**What the exercise asks:** A faithful transcript of every entry is required; pictures do not belong in it.

Stored items
Start of Block

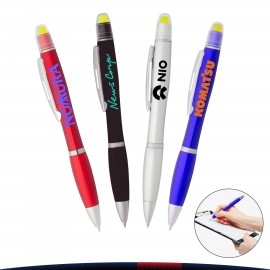 Personalized Stasko Highlighter Pens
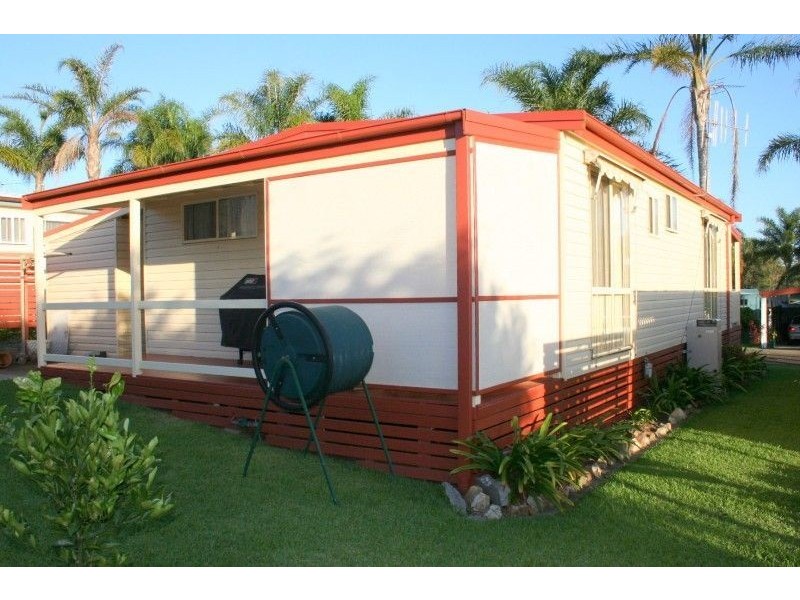 39/3 Lincoln Road, Port Macquarie NSW 2444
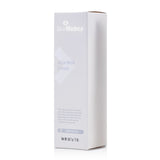 Skin Medica AHA/BHA Cream (For All SKin Types)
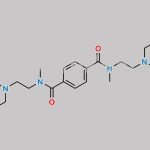Revefenacin Dimer Impurity 3 CAS#: N/A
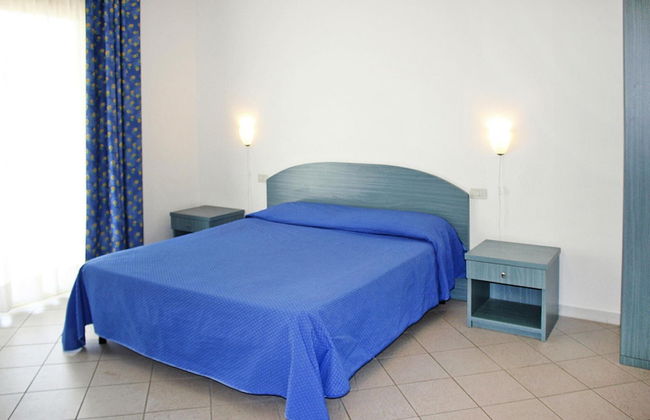 Villa in Cecina Mare Near Sandy Beach - Foto 3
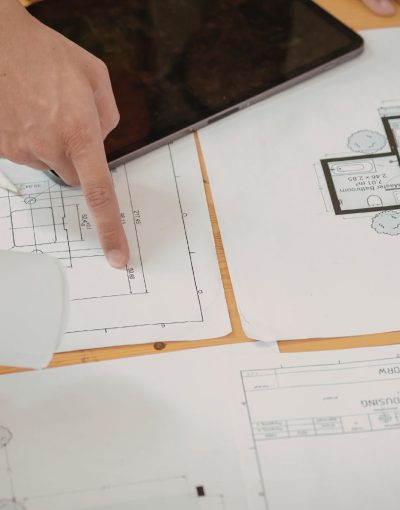 Momos Küchen - Aachen - Küchenplanung & Beratung - Maßgeschneiderte Einbauküchen Küchenmontage & Installation - Küchengeräte & Küchentechnik - Küchenrenovierung & Modernisierung Materialien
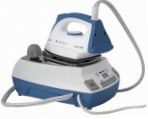 best MAGNIT RSS-1409 Smoothing Iron review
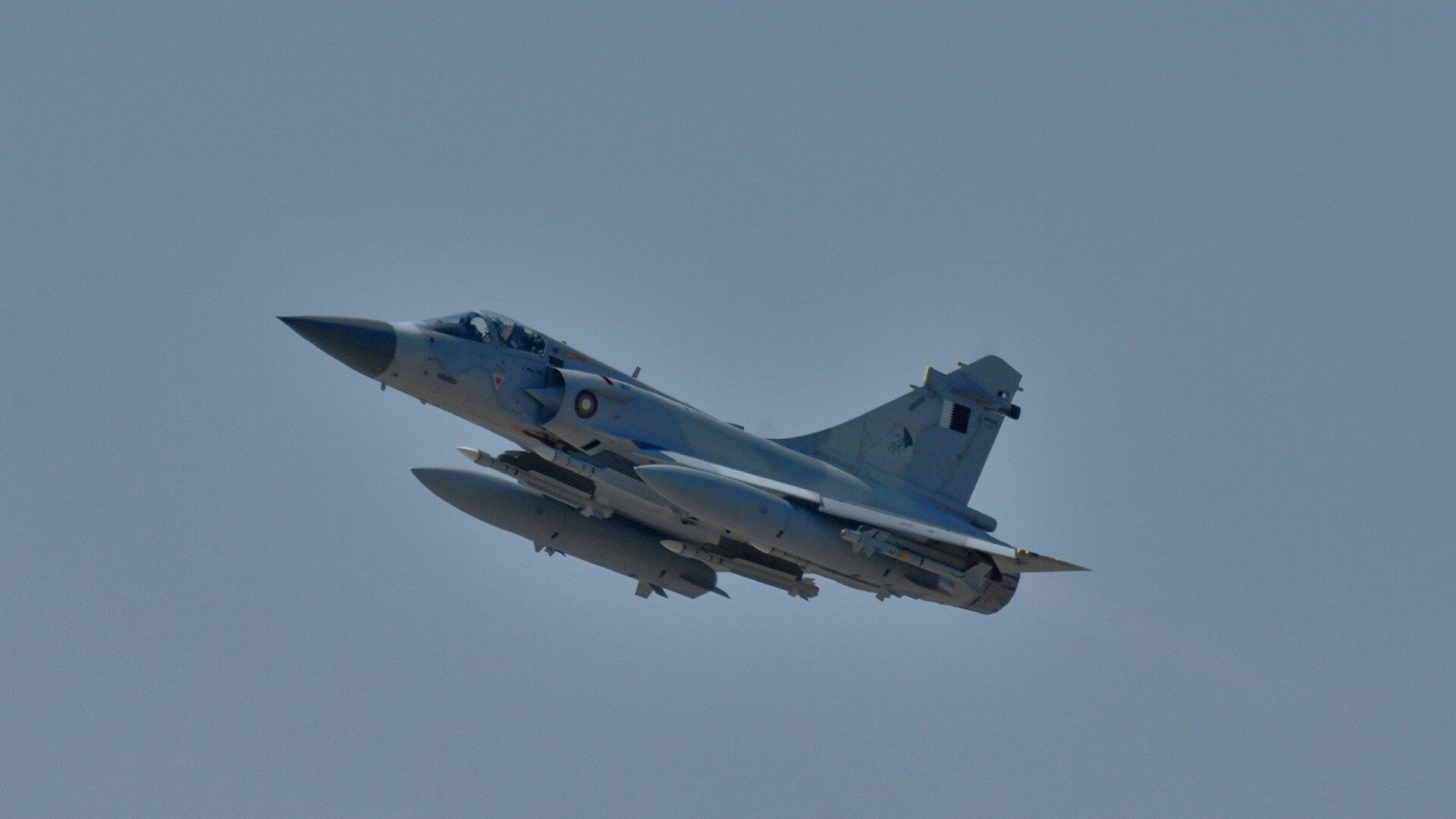 “西甲明星爆发,球队逆势冲击欧战资格”,西甲球队vll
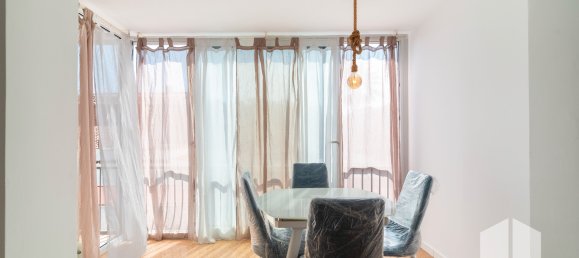 2 Schlafzimmer Wohnung in Castelldefels, Spain, Nr. 140623 3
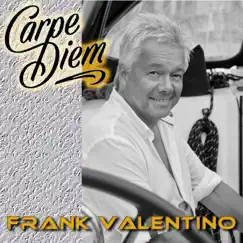 Carpe Diem - Single by Frank Valentino album reviews, ratings, credits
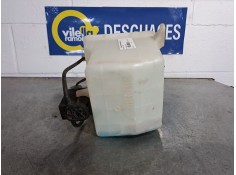 Recambio de deposito limpia para kia carens 2.0 crdi ex monovolumen referencia OEM IAM    2
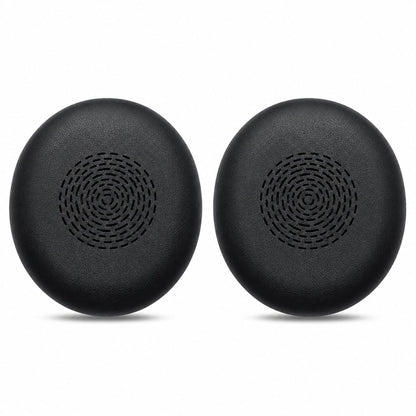 Oorkussens voor Jabra Evolve2 75 Serie – Geschikt voor Evolve2 75, 75 UC, 75 MS — Product hero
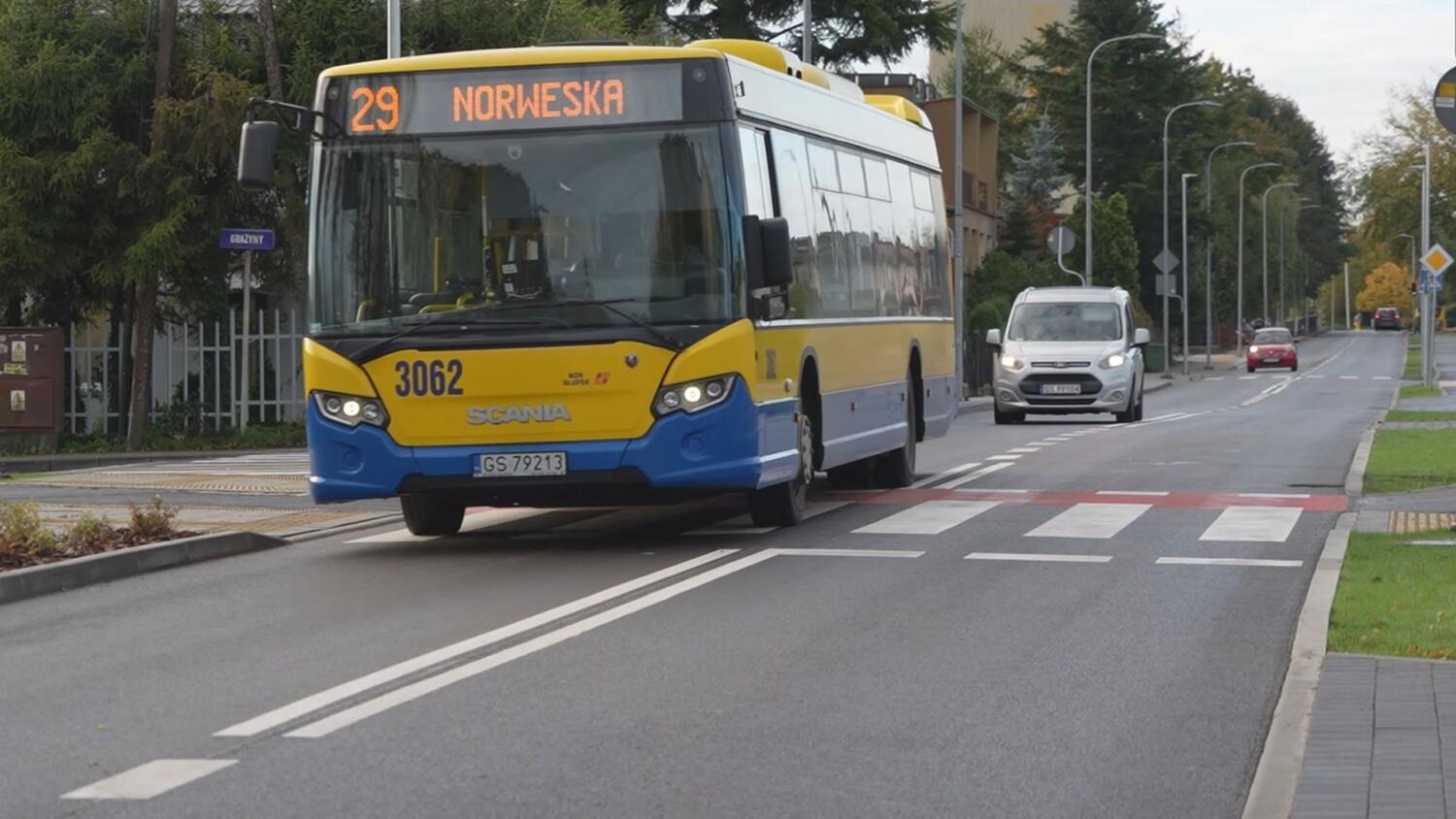 sr-zmiany-lini-nr-29.mp4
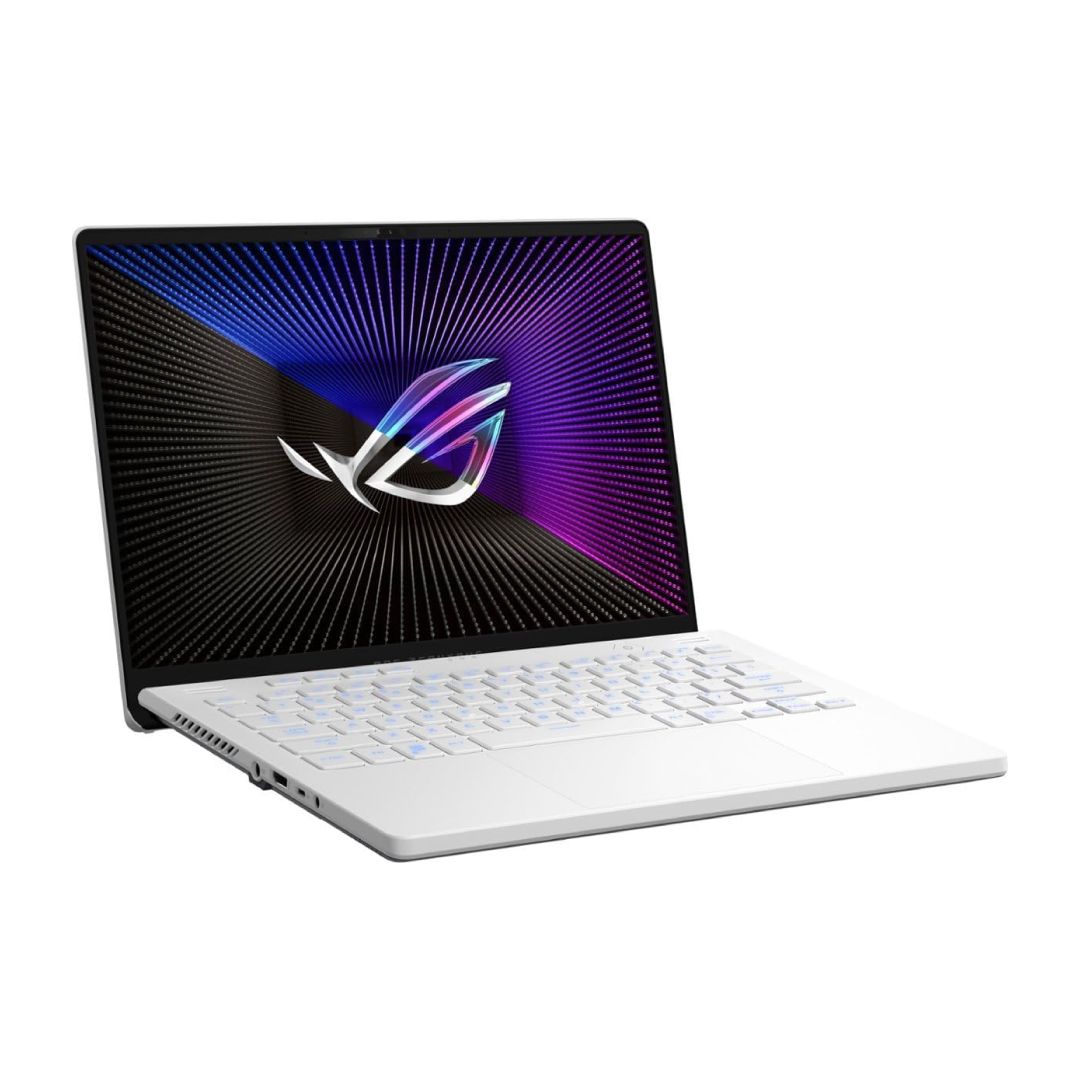 ASUS ROG Zephyrus Gaming with Ryzen 9, 1TB SSD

End of Block

**Output for this task:**
 Personalized Stasko Highlighter Pens
 39/3 Lincoln Road, Port Macquarie NSW 2444
 Skin Medica AHA/BHA Cream (For All SKin Types)
Revefenacin Dimer Impurity 3 CAS#: N/A
 Villa in Cecina Mare Near Sandy Beach - Foto 3
 Momos Küchen - Aachen - Küchenplanung & Beratung - Maßgeschneiderte Einbauküchen Küchenmontage & Installation - Küchengeräte & Küchentechnik - Küchenrenovierung & Modernisierung Materialien
 best MAGNIT RSS-1409 Smoothing Iron review
 “西甲明星爆发,球队逆势冲击欧战资格”,西甲球队vll
 2 Schlafzimmer Wohnung in Castelldefels, Spain, Nr. 140623 3
 Carpe Diem - Single by Frank Valentino album reviews, ratings, credits
 Recambio de deposito limpia para kia carens 2.0 crdi ex monovolumen referencia OEM IAM    2
 Oorkussens voor Jabra Evolve2 75 Serie – Geschikt voor Evolve2 75, 75 UC, 75 MS — Product hero
 sr-zmiany-lini-nr-29.mp4
 ASUS ROG Zephyrus Gaming with Ryzen 9, 1TB SSD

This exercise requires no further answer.